Not long after the visit from the porker, a deer started blowing way down the hill from me. On and on it went, but who knows why. I figured it was just another one of those nights where our paths didn’t quite cross. So close.
But then I heard the first faint crunch of a hoof stepping onto frozen leaves. Then another, and then another. This sound was coming from a different direction than the deer blowing. That one was down to my left, this one down to my right. There was no mistaking this noise. It was a deer, maybe more. The leaves were so crunchy that I could have had time to eat three sandwiches, write a few emails, clean my gun and take a leak, but I didn’t. Instead, I got into position and waited as they slowly approached, my trigger finger ready for action.
I was sitting in a small strip of scrubby pines and hemlocks. Behind me was an open hardwoods, and below me was more scrubby evergreens with crisscrossing old logging roads, the kind with trees starting to grow in them. There was snow in the open areas on the logging roads, but not in the surrounding ground that was under the canopy of the evergreens.

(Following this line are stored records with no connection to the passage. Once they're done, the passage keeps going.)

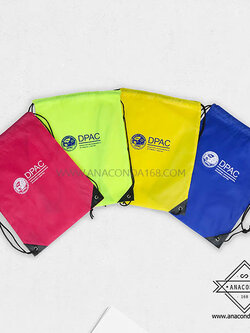 กระเป๋าผ้าร่มหูรูดสะพายหลัง ถุงผ้าหูรูด สกรีนโลโก้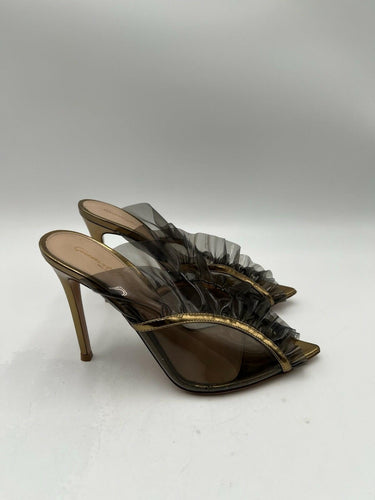 Gianvito Rossi Plexi ruffle stiletto mules metallic gold / PVC Clear Size 37.5 GIANVITO ROSSI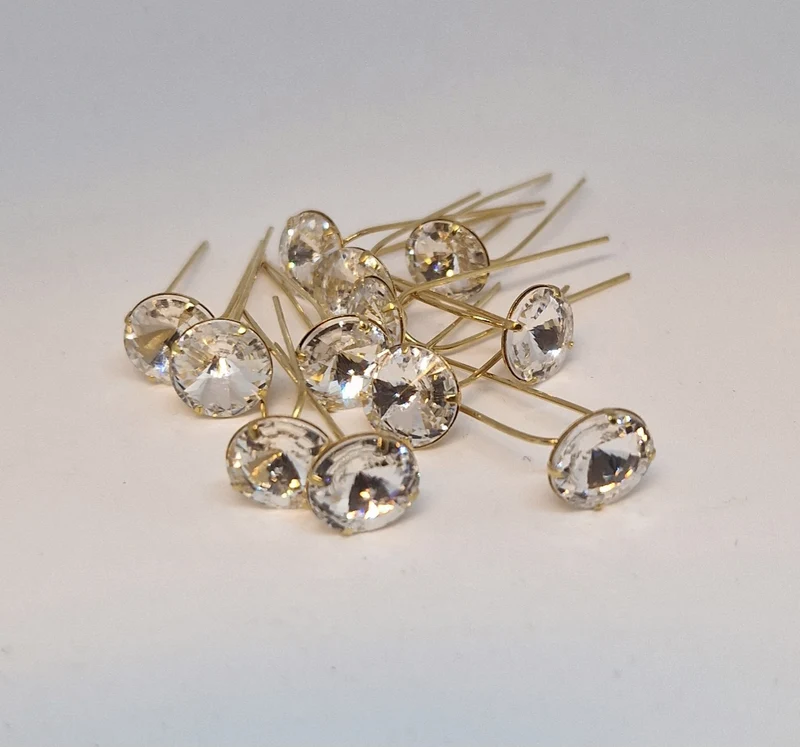 Hårnålar i strass 11 mm 12-pack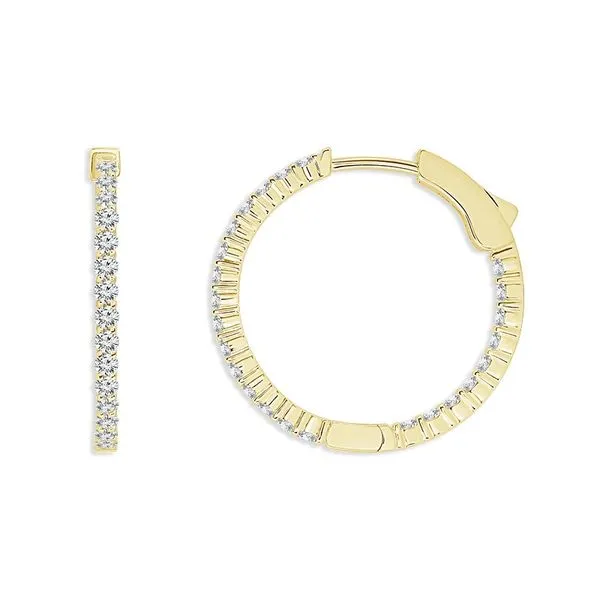 Yellow Gold Diamond In & Out Hoop Earrings Meigs Jewelry Tahlequah, OK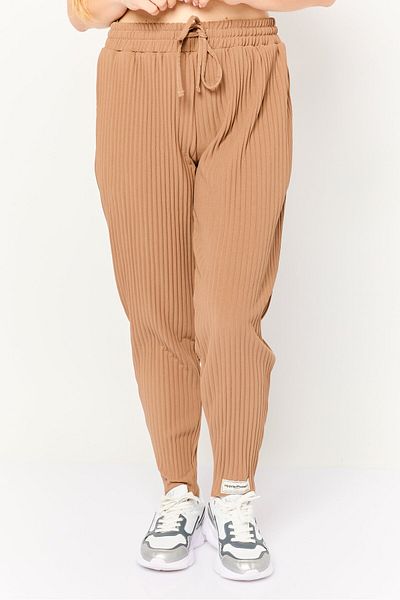 The Giving Movement Women Regular Fit Textured Straight Leg Pants, Tan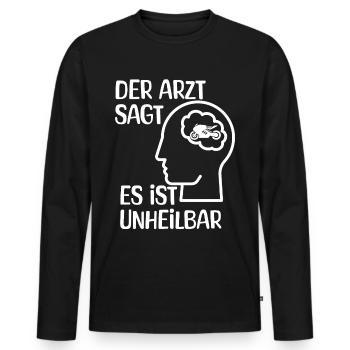 Moto - Le médecin dit que c’est incurable - T-shirt manches longues Premium bio Homme - noir - Devant - Nico (187cm)
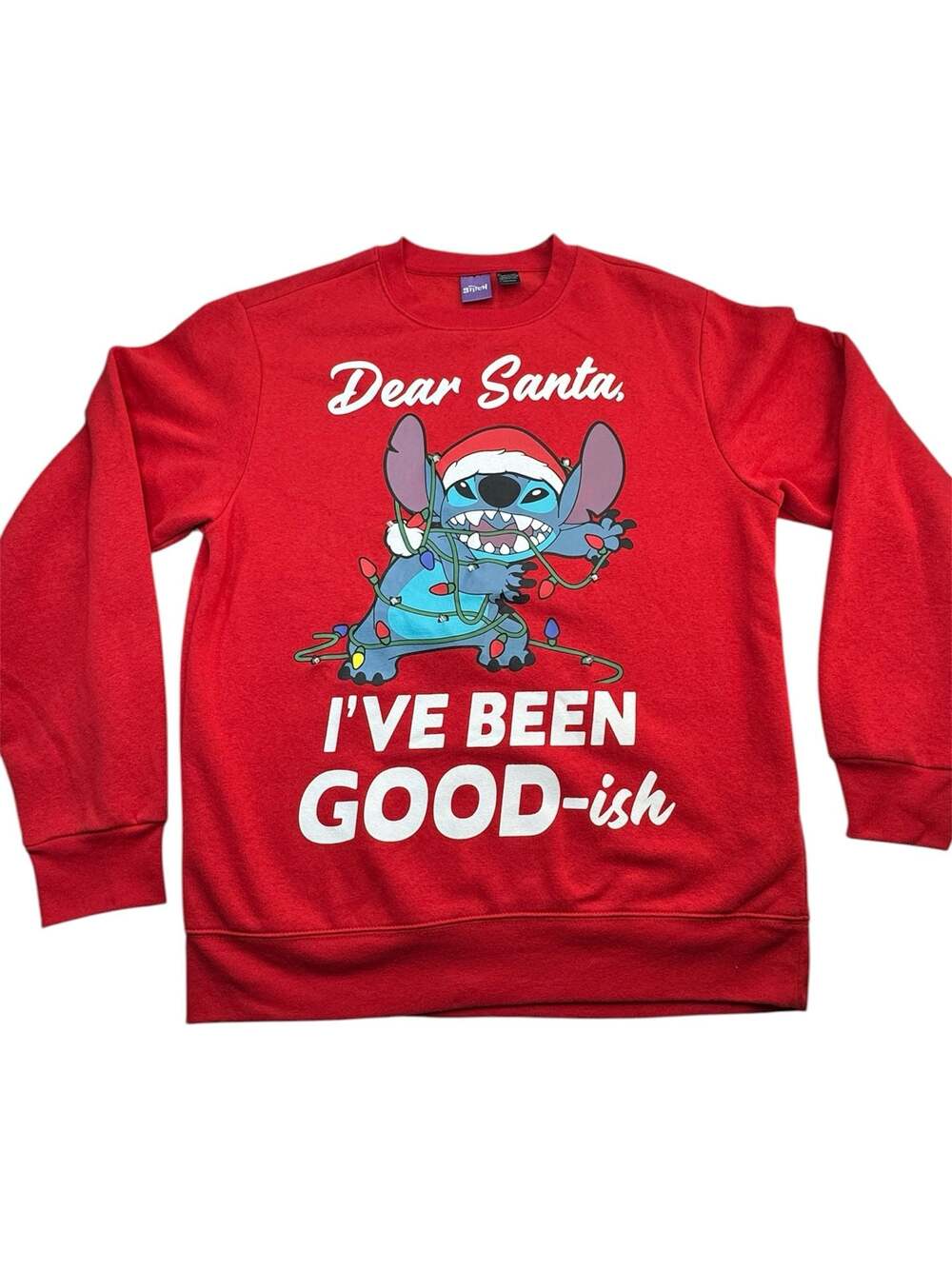 Disney Stitch "Dear Santa, I've Been Good-ish" Christmas Sweatshirt, Size Medium
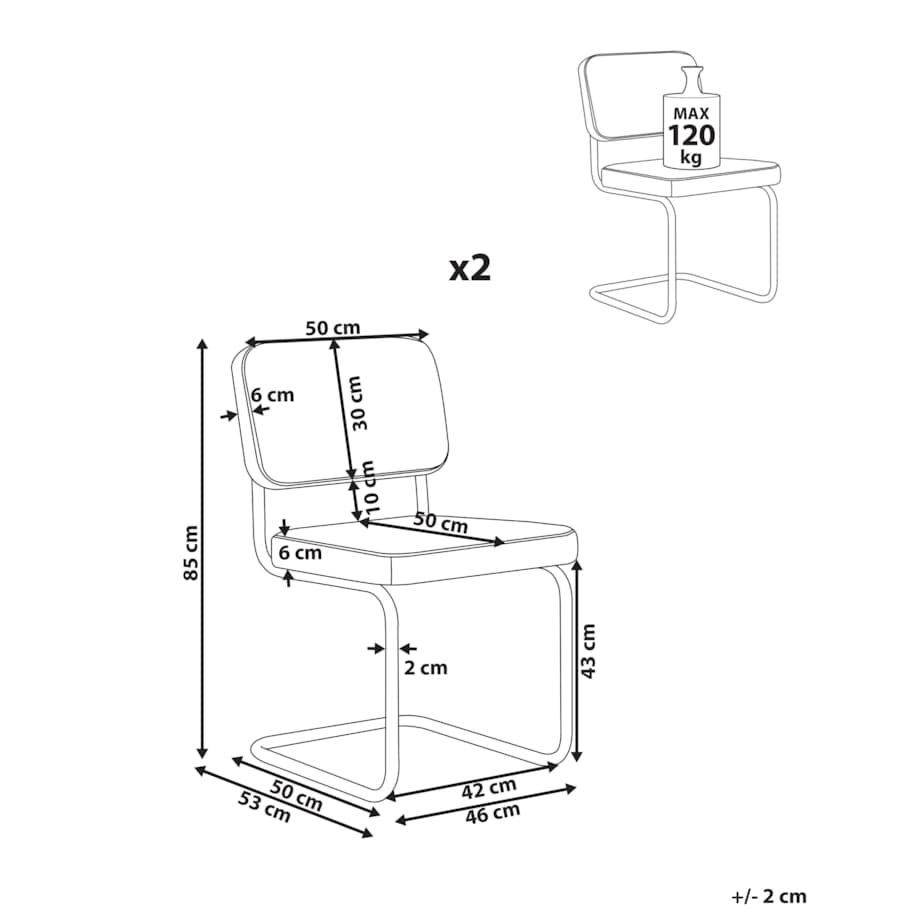 Zestaw 2 krzeseł do jadalni IRWIN Sztruks Złamana biel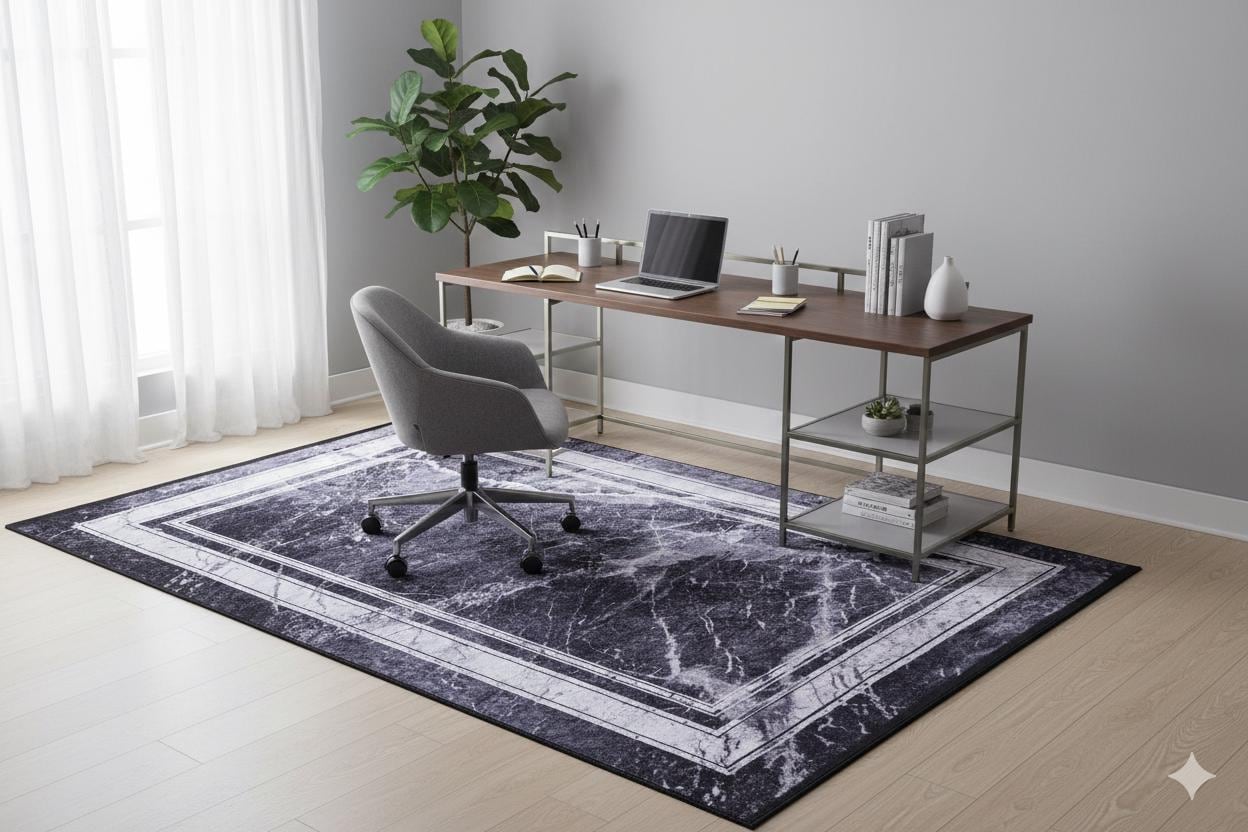 Modern Black Marble Area Rug, Dark Grey Stone Pattern Carpet, Minimalist Border Rug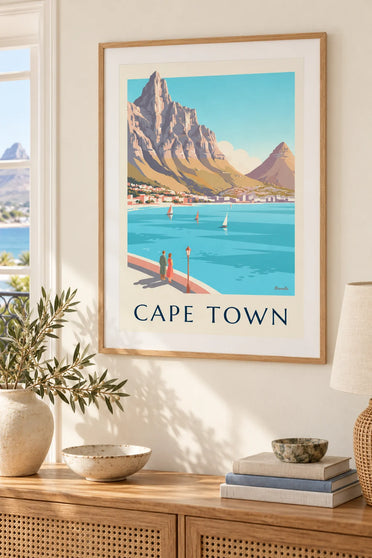 Poster Table Mountain e Lion's Head a Città del Capo : incorniciato alla parete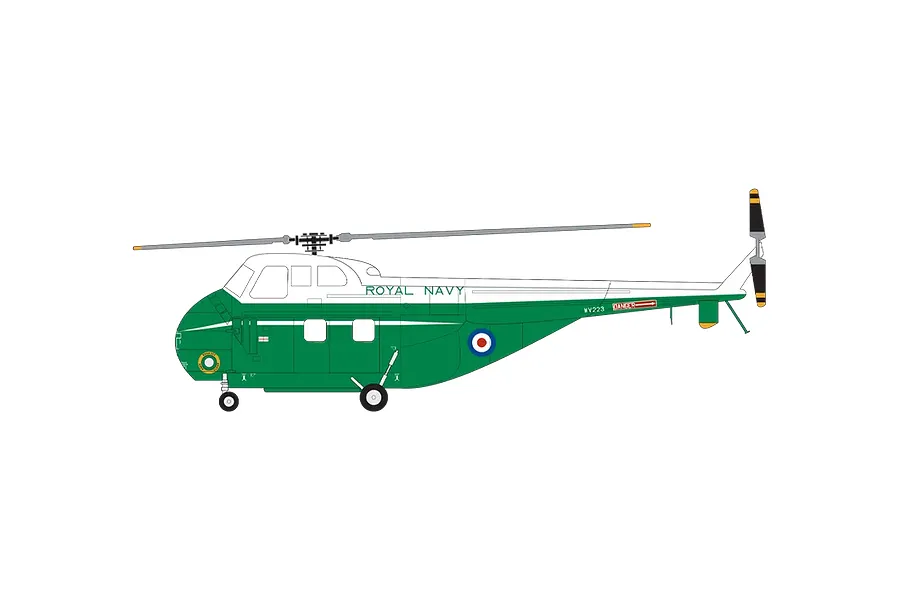 A digital side-profile illustration of a Royal Navy Westland Whirlwind helicopter in green and white livery.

I’d be hard pressed to squeeze a shot off that was more than fifty yards in that stuff, but thanks to the patchy snow I could see movement long before the open shooting lanes directly in front of me.
Finally, I saw some legs moving on the snow-covered road. It was a doe, but I could tell there were more deer behind her. My heart jumped at the thought that it could be the big boy I’ve been waiting for and the reason I’d passed a doe on opening day of muzzleloader. It wasn’t to be. Two more bald headed cervids appeared, and despite my best attempts, I could not grow a set of antlers on any of them. The choice before me was clear. I could either shoot a doe with twenty minutes of doe season left, or I could pass again with hopes that I’d have a few more opportunities at a buck. With the Vermont season in full swing and more limited time than normal to hunt this year, I decided to shoot when I had my first chance.
The lead doe cautiously walked along the trail below me about thirty-five yards away. I used the first two shooting lanes to confirm that she was indeed an adult deer. Shooting little ones is super embarrassing, and I try to avoid that if I can. When she stopped broadside in the last lane, I squeezed the trigger.
Dad called me when he heard the shot. “How close was that to you?” he asked.
“Pretty darn close,” I said as I picked up the casing laying beside me.
He made it to me just as darkness set in and we located the deer about thirty yards down the hill. It’s always fun to be out with my dad, especially when one of us fills a tag!
So, my firearms season in New Hampshire has come to a close. I’m always slightly disappointed when I fill a tag and feel like I could have done better. I’m happy with the doe and to have some fresh meat in the freezer, and at least now I can continue hunting since I brought home some venison as my wife demanded, but it just feels like I left something out in the woods. Like a big set of antlers, for instance. I suppose it’s time to rededicate myself as only a big buck killer now that I’ve shot another doe.
It’s back to Vermont for me. The season is open for one more week, but I probably only have a hunt or two left in my schedule. How is your season going?